In West Africa, Europe and the world-music scene, the beloved Senegalese singer-songwriter Baaba Maal is a superstar. He's long been known for bridging the griot tradition of West African bards with popular music from around the globe and his newest album is no exception. Television is the product of an unlikely collaboration with the Brooklyn-based dance and electronica outfit Brazilian Girls.

Maal has a notoriously open mind when it comes to sonic possibilities. Both lyrically and musically, his songs are indelibly African (most, after all, are in his native Pular tongue), and many directly address the gamut of political concerns south of the Sahara. The fusion of traditional African and contemporary Western musical styles enriches, rather than dilutes, his griot heritage.

"When you sing songs that talk about Africa, it's not just the rhythm or the harmonies or the melody or the notes; it's also the pictures that you have in your head," Maal says. "And sometimes, the African instruments can't bring these pictures, because our instruments aren't built like that.
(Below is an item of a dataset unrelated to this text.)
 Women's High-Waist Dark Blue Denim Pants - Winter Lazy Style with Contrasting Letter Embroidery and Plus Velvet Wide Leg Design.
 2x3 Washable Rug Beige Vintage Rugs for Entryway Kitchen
But with the keyboard, someone working with the keyboard can bring you some sound that just reminds you of ... the movement of your people."

Television's title track is a disarmingly carefree tune about the serious implications of the growth of mass communications in Africa.

"This is an instrument we can use to make good things," Maal says. "But at the same time, it's very dangerous, because if people seem to believe that everything that passes through television is true, it falls down into the hands of bad politicians. [That's] not good for the continent."

Maal is active politically: He's championed female empowerment in Africa, HIV/AIDS awareness and African debt relief by Western creditors.

"I think African artists in general, and musicians in particular, who get the chance to travel and to have their voice very loud, should use that opportunity to help the leaders from Africa to understand what to do," he says. "And also, all the people who make the decisions around the world [need] to know exactly what Africa is expecting from them."